Without setting a new launch date, shuttle program managers agreed Jan. 6 that ongoing troubleshooting of shuttle Discovery’s external tank (ET) cracks will not be complete in time for an early February launch.

The 11-day assembly mission to the International Space Station has been on hold since a Nov. 5 scrub because of eight small cracks found in five of the ET’s 108 aluminum-lithium support stringers.

The decision deferred efforts to prepare for a launch between Feb. 3 and 10. The next window opens Feb. 27 and extends through March 6, though earlier opportunities could open with changes in international cargo missions currently planned for March.

A launch date decision is expected Jan. 13, NASA shuttle program spokesman Kyle Herring says.

During the Jan. 6 session, managers also deferred a decision on whether to proceed with additional radius block modifications to Discovery’s ET. The mods strengthen the upper tips of the 21-ft.-long stringers to prevent additional cracking.
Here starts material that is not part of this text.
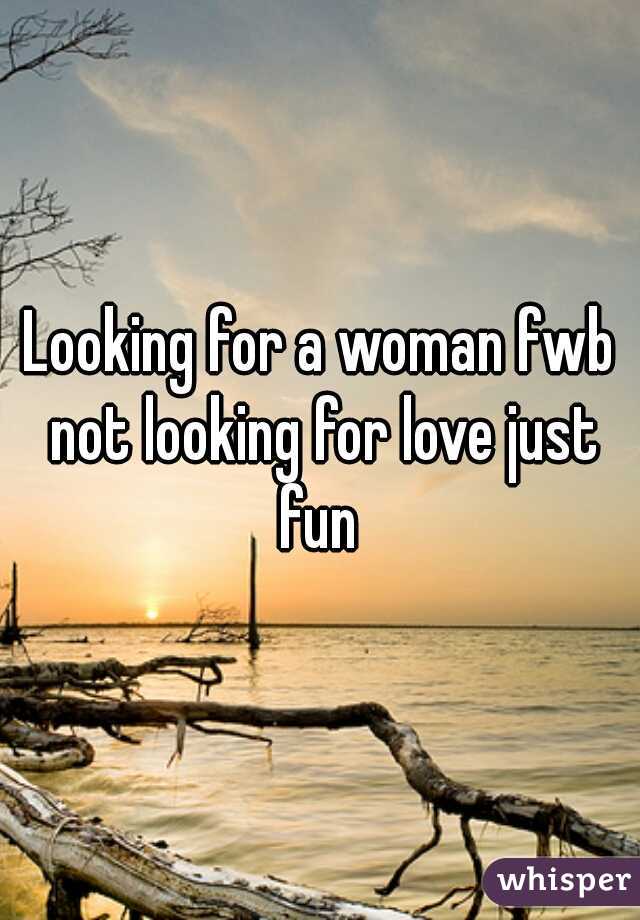 Looking for a woman fwb not looking for love just fun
Managers are evaluating whether to place radius blocks on all 108 of the support beams on the stringer section.

That decision would come Jan. 10, following a report on the progress of a limited radius block that will place the crack protection on 34 stringers distributed on either side of the two ET thrust panels. The thrust panels shoulder most of the structural forces accompanying the launch of the 4.5-million-lb. shuttle.

Meanwhile, engineers continue to search for the root cause of the cracks. Managers believe that material defects or a slight misassembly of the stringer section could have been exacerbated by the flow of chilled oxygen and hydrogen propellants into the ET during fueling.

The initial cracks on two adjoining stringers were discovered following a Nov. 5 launch scrub caused by an unrelated hydrogen leak.

The mission is to be Discovery’s last. The shuttle’s six astronauts will equip the station with a new equipment module and an external storage platform for spare parts.